Re: Populating large tables with occasional bad values

From: Craig Ringer <craig(at)postnewspapers(dot)com(dot)au>
To: "John T(dot) Dow" <john(at)johntdow(dot)com>
Cc: "pgsql-jdbc(at)postgresql(dot)org" <pgsql-jdbc(at)postgresql(dot)org>
Subject: Re: Populating large tables with occasional bad values
Date: 2008-06-11 17:22:14
Message-ID: 485009C6.3080802@postnewspapers.com.au
Views: Raw Message | Whole Thread | Download mbox | Resend email
Thread:
Lists: pgsql-jdbc

John T. Dow wrote:

> If I did this regularly, three options seem easiest.
>
> 1 - Load locally to get clean data and then COPY. This requires the server to have access local access to the file to be copied, and if the server is hosted by an isp, it depends on them whether you can do this easily.

You can COPY over a PostgreSQL network connection.
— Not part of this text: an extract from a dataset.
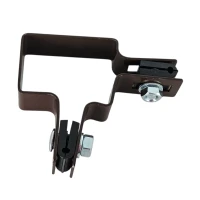 Eckwinkel für Zaunpaneele 40x60 mm braun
See the \copy support
in psql for one example of how it works.

I've never had cause to try to use it with JDBC so I don't know how/if
it works in that context.

However, batched inserts can be quite fast enough. If you do one INSERT
INTO per 1000 rows you'll already be seeing a massive performance boost:

INSERT INTO mytable
VALUES
(blah, blah),
(blah, blah),
(blah, blah),
-- hundreds of rows later
(blah, blah);

... will be a *LOT* faster. If you have to do special processing or
error handling you can do it once you have the data in a server-side
staging table - and you can get it there quickly with multi-row inserts
or (at least using psql) a \copy .

> 3 - If the only problem is duplicate keys, load into a special table without the constraint, issue update commands to rewrite the keys as needed, then select/insert to the correct table.
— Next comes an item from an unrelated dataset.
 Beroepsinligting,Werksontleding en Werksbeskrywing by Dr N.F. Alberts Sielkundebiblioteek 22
This would be my preferred approach, personally, using either network
COPY or multi-row INSERTs to get the data into the staging table.

You can do a whole lot more than fix unique constaint violations,
though. With a PL/PgSQL function to process the staging table and do the
inserts you can do some pretty major data surgery.

I have some conversion code that takes pretty ugly data in unconstrained
staging tables and reprocesses it to fit a new, much stricter and better
normalized schema. Large amounts of restructuring and fixing up are
required. Some of the simpler conversions are done by INSERT ... SELECT
statements, but the complicated stuff is done with PL/PgSQL functions.

I've sent you the conversion code off-list in case it's informative.
It's pretty ugly code as it's going to be thrown away when we cut over
to the new system, but it should show just how much data conversion &
repair you can do on the database server side.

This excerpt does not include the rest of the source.